_WHAT YOU ARE ASKED TO DO_: After the line containing "Отзывы на компанию", copy nothing more; up to and including it, copy every line of the listing exactly from the first, leaving out the pictures.
= = =
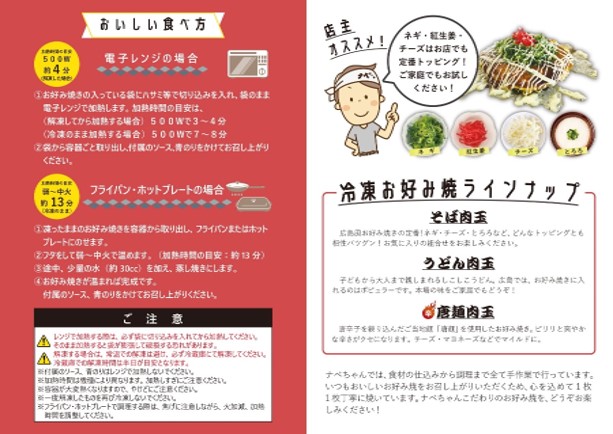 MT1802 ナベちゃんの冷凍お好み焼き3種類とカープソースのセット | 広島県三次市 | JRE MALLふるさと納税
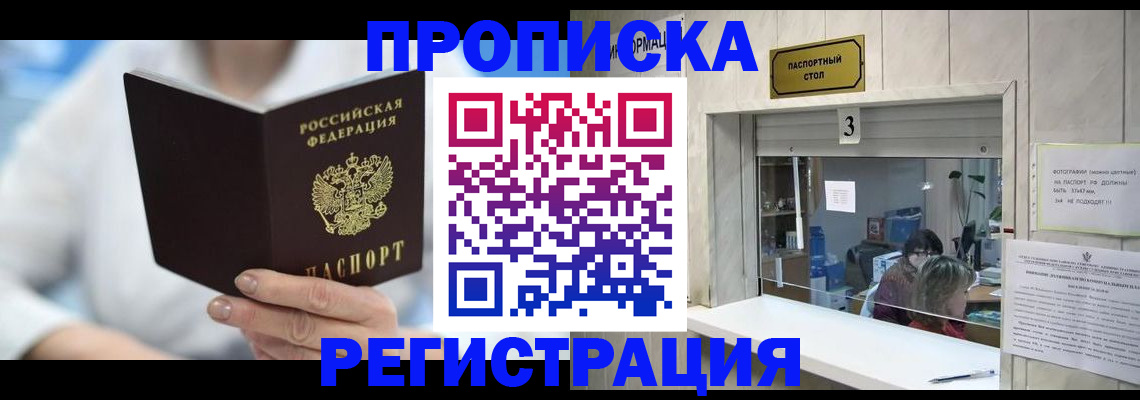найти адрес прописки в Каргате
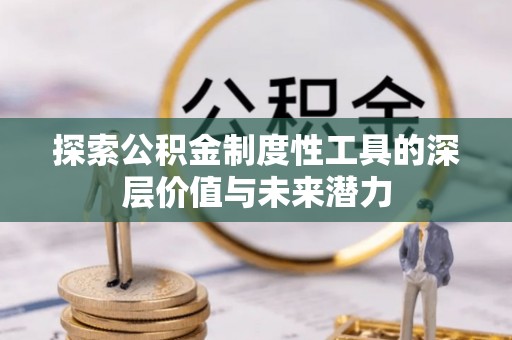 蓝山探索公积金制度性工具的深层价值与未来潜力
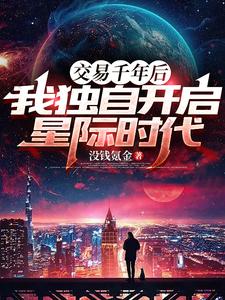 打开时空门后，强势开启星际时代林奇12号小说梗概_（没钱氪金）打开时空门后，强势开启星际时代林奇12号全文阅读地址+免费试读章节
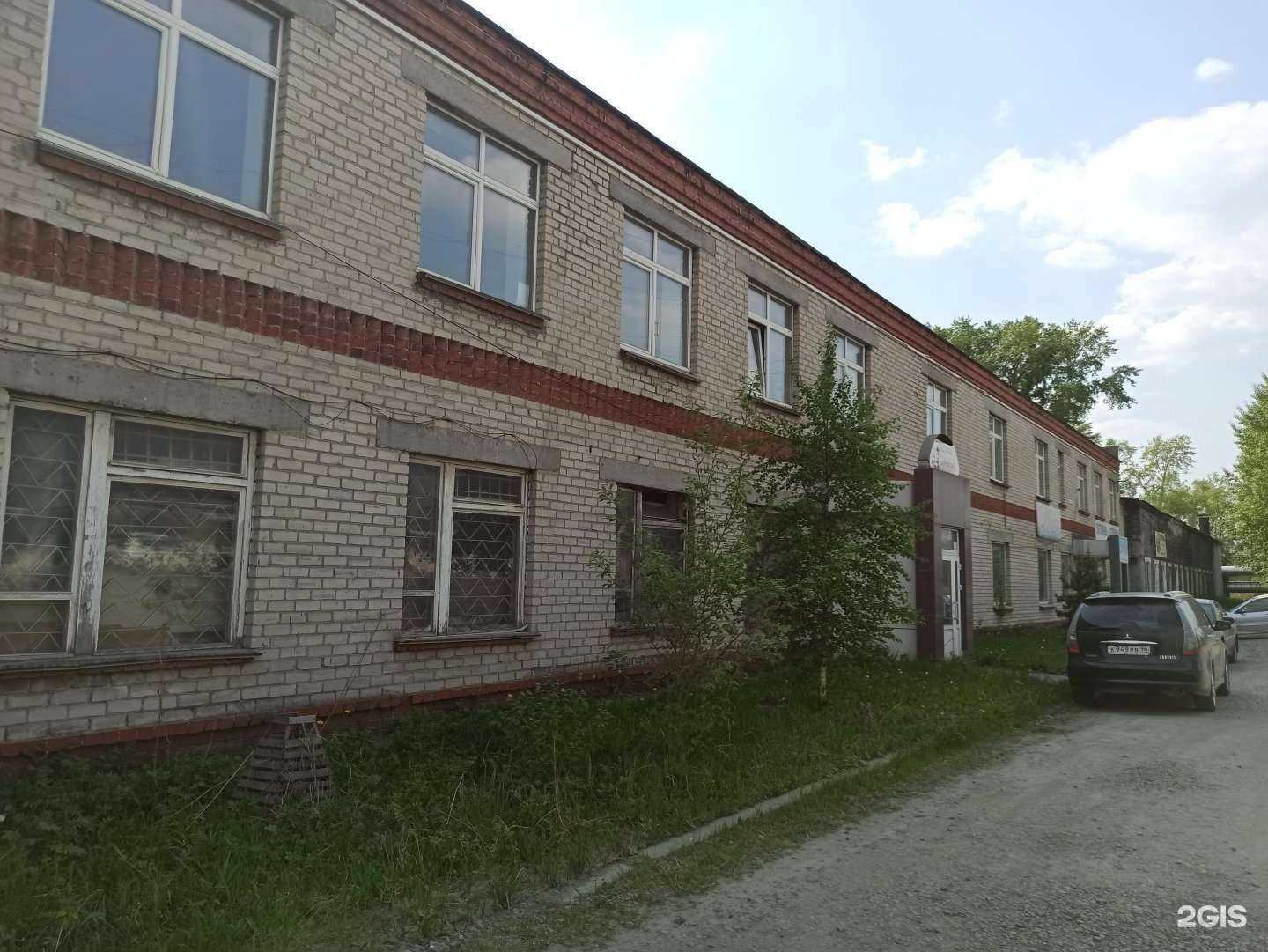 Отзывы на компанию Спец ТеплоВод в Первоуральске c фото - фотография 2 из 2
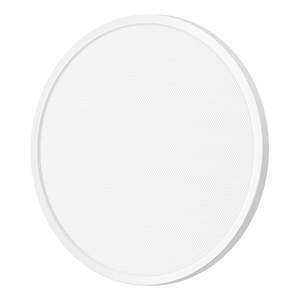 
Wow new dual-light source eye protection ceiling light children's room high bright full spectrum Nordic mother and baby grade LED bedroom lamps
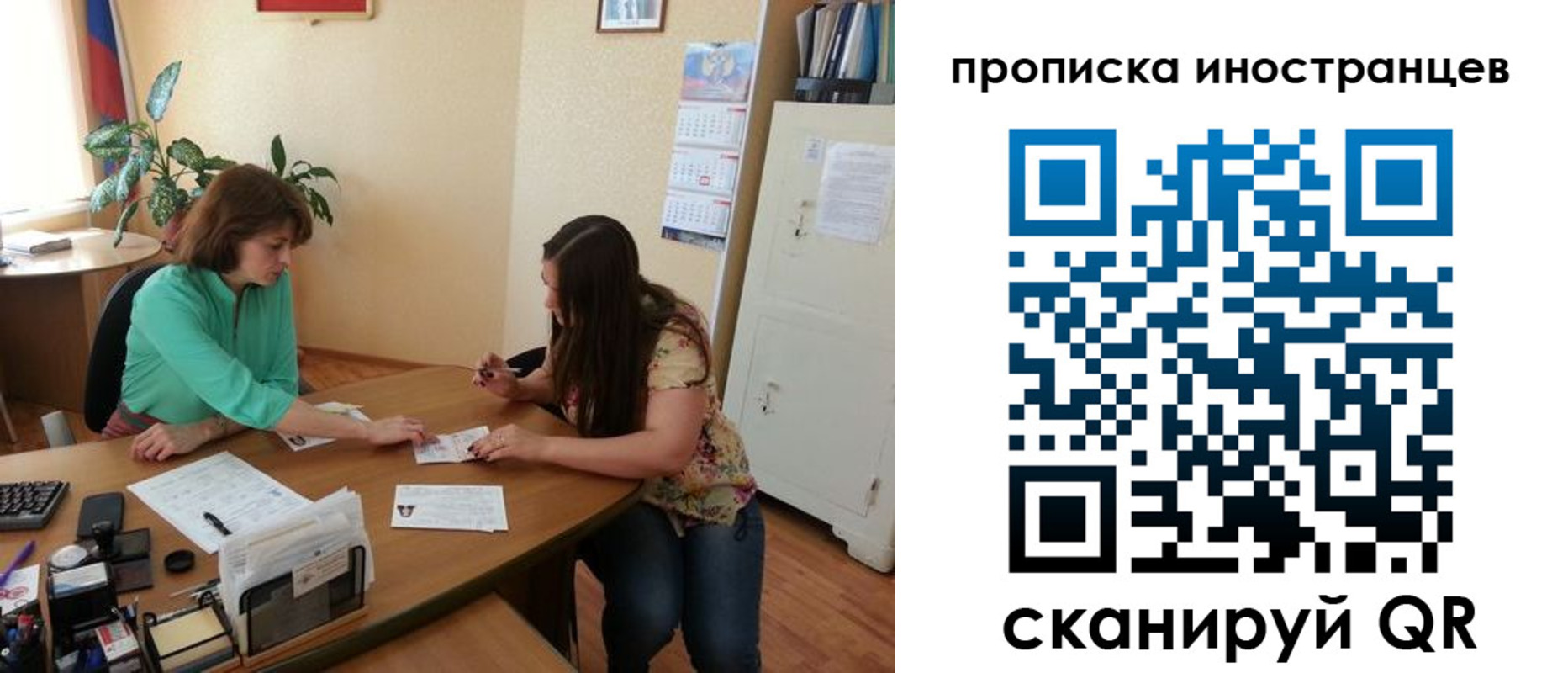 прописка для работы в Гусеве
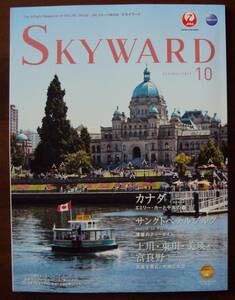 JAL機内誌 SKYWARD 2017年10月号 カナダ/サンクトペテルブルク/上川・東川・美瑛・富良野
= = =
_TASK ANSWER_:
 MT1802 ナベちゃんの冷凍お好み焼き3種類とカープソースのセット | 広島県三次市 | JRE MALLふるさと納税
найти адрес прописки в Каргате
 蓝山探索公积金制度性工具的深层价值与未来潜力
 打开时空门后，强势开启星际时代林奇12号小说梗概_（没钱氪金）打开时空门后，强势开启星际时代林奇12号全文阅读地址+免费试读章节
 Отзывы на компанию Спец ТеплоВод в Первоуральске c фото - фотография 2 из 2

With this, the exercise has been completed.